Is this also the case for B&H?

Yes it is. The model explains overall parental satisfaction with education pretty well.


Prediction of overall parental satisfaction with education
total school-level variance 32.50%
proportion of school-level variance explained 46.92%
proportion of individual variance explained 32.59%
groups DF 18
total DF 869


And the coefficients for the dependent variables are similar to the all-countries model, although the contribution of individual-level belief in the effectiveness of representatives is not quite as massive.


t-value p<
intercept -0.14 n.s.
area-rural -0.97 n.s.
school mean: Household index: number of items owned, from list of key items such as washing machine 0.11 n.s.
school mean: Roma or not 1.17 n.s.
principals’ opinion: ensuring child is happy in school is the role of parents rather than school – mean -0.17 n.s.
principals: invitations to participate – mean 0.38 n.s.
school mean: Child school achievement -1.49 n.s.
school mean: Child likes school 0.89 n.s.
school mean: ensuring child is happy in school is the role of parents rather than school – mean -3.03 0.01
school mean: family sees their parent representative as effective – mean 1.79 0.1
school mean: family feels capable to participate – mean 0.78 n.s.
school mean: seeing different forms of participation as good – mean -0.54 n.s.
school mean: family feels duty to participate – mean 2.16 0.05
school mean: accepting invitations to participate – mean -0.79 n.s.
Child school achievement 6.95 0.00001
Child likes school 1.67 0.1
Household index: number of items owned, from list of key items such as washing machine 3.16 0.01
ensuring child is happy in school is the role of parents rather than school – mean 2.52 0.05
family sees their parent representative as effective – mean 6.94 0.00001
active participation – office as representative or trying to influence things -2.04 0.05
family feels capable to participate – mean 2.42 0.05
seeing different forms of participation as good – mean 1.94 0.1
family feels duty to participate – mean -0.09 n.s.
accepting invitations to participate – mean 3.05 0.01

 

This could be interpreted as follows: those individual parents who have faith in their representatives are those who use their relationships with those representatives for the benefit of their children’s education, whether to get information, communicate with the school, influence decisions and so on, which leads them to being substantially more satisfied.

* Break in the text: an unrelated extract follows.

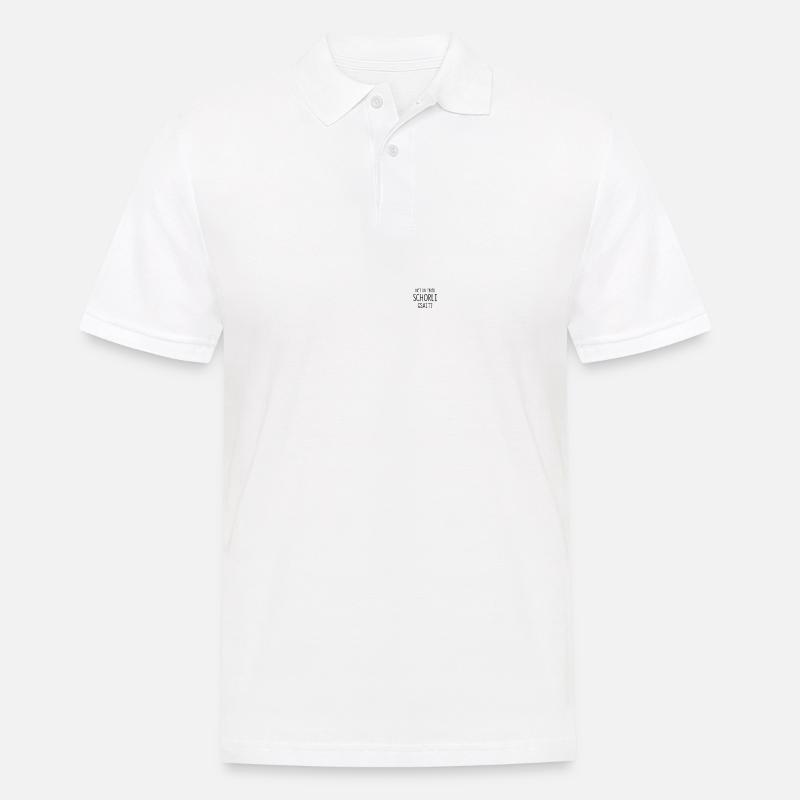 Weinschorle Schorle - Männer Poloshirt - Weiß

This suggests that parental participation does have a really substantial impact on satisfaction with education, but not necessarily on the level of individual parents’ interaction with the school directly (which actually has a significant negative effect in these models). Rather, good schools are those which have effective parent representatives; but sometimes those representatives are effective for some but not all of the parents. So it might be possible to substantially improve parental satisfaction with education by helping to ensure that all parents are in a position to make use of their representatives; but it might equally be that these “special relationships” between representatives and some parents work by giving preferential treatment to some but not to all, and so inherently are not capable of being extended to all the parents in a class or school.